Según un nuevo informe realizado en Norteamérica los estadounidenses con hijos de 18 años o más jóvenes son menos propensos a hacer ejercicio y más propensos a tener sobrepeso u obesidad. Los hallazgos se basan en más de 59.000 entrevistas a estadounidenses, de entre 18 y 50 años, realizadas a lo largo del 2010. Entre las preguntas se les formuló la siguiente “En los últimos siete días, ¿cuántos días hiciste ejercicio durante 30 minutos o más?”
El impacto en ejercicios fue mayor en aquellos con niños muy pequeños, de 0 a 4. Alrededor del 28% de los padres en este grupo, dijeron que se ejercitaron durante 30 minutos al día “no a la semana”, en comparación con el 25% de los que no tienen hijos. A pesar de que estas diferencias son pequeñas, siguen siendo importantes, dicen los investigadores.
Los padres con un hijo de 18 años de edad o más jóvenes también eran menos propensos a reportar el ejercicio de cinco días a la semana.
Los padres de hijos de 5 a 18 años de edad son los que más sufren cuando se trata de la obesidad.
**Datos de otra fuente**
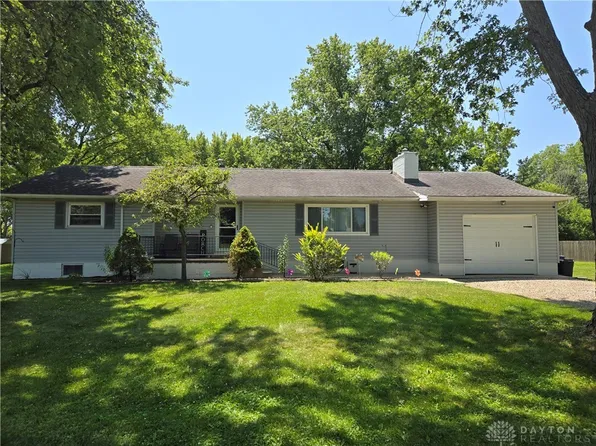 10630 Upper Lewisburg Salem Rd, Brookville, OH 45309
Cerca de 26,5 % de los padres en este grupo tenía un índice de masa corporal (IMC) que los colocan en la categoría de obesos, y el 35,8 por ciento cayó en la categoría de sobrepeso. Para aquellos que no tienen hijos menores de 18 años, 24.3 % eran obesos y el 32,2 % tenía sobrepeso.
Los padres con hijos en el hogar también tienen menos probabilidades de tener un peso normal que los adultos sin hijos en casa.
Mientras que los hábitos de ejercicio y los problemas de peso de los mismos padres son un problema significativo para la salud y la calidad de vida de las personas, también pueden ser una carga para los costos del cuidado de la salud. Una crisis mayor, señalan los investigadores, consiste en los efectos potenciales sobre los hijos de estos padres.
Los hábitos de los padres respecto a la salud tienen un gran impacto en los niños, y numerosos estudios han encontrado que los niños que tienen padres obesos son más propensos a ser obesos cuando sean adultos.
Los sujetos fueron entrevistados por teléfono, ya sea fijo o celular, a lo largo de 2010. De los que respondieron, 13.600 tenían al menos un niño en la casa de 4 años o menos, 21.605 tenían un hijo menor de la casa de entre 5 y 18 años, y otro 23.571 no tenían hijos menores de 18 años que vivieran en el hogar.